Posted by
dscho on
Sep 15, 2014; 10:54am
URL: http://imagej.273.s1.nabble.com/Java-Linking-and-Portability-tp5009568p5009616.html
Hi Benjamin,
On Fri, 12 Sep 2014, Benjamin Eltzner wrote:
> I think there is a missing bit of information here, namely this: My
> program does not only do image processing but also data processing and
> most importantly includes a basic GUI and data management code that is
> geared towards its use case. I think it would not be feasible to convert
> all this into ImageJ plugins (at least not in ImageJ 1). If I am
> mistaken here, I would be glad for any pointers to a tutorial on how to
> build an alternate GUI as a plugin (set).

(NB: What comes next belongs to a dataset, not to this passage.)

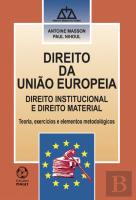 Direito da União Europeia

In ImageJ 1.x, plugins are actually very free-form: all you need to do is
to implement the ij.plugin.PlugIn interface:
public class Benjamins_Plugin implements PlugIn {
@Override
public void run(final String arg) {
...
}
}
You can easily show your own GUI inside that run() method – and that is
exactly what many plugins do.
The advantage you would gain is that your "plugin" would be able to use
the complete infrastructure provided by ImageJ, including distribution
through personal update sites.
> So with my current understanding of the scope of ImageJ and its plugin
> system, I would like to use ImageJ only as a backend for image
> processing (but in the course of this I would transform some of my
> current image processing code into ImageJ plugins) and otherwise treat
> my program as a standalone project. (Even if it is feasible to also do
> the GUI and data analysis tools in terms of ImageJ plugins, I would like
> to go through such an intermediary phase, as the program already has
> more than 10.000 lines of code and a transition will take time which I
> currently do not have abundantly.)
Of course you are free to keep your application as a standalone program,
tapping into ImageJ 1.x via IJ.run() calls. You'll have to reinvent a
couple of things you'd otherwise get for free, is all.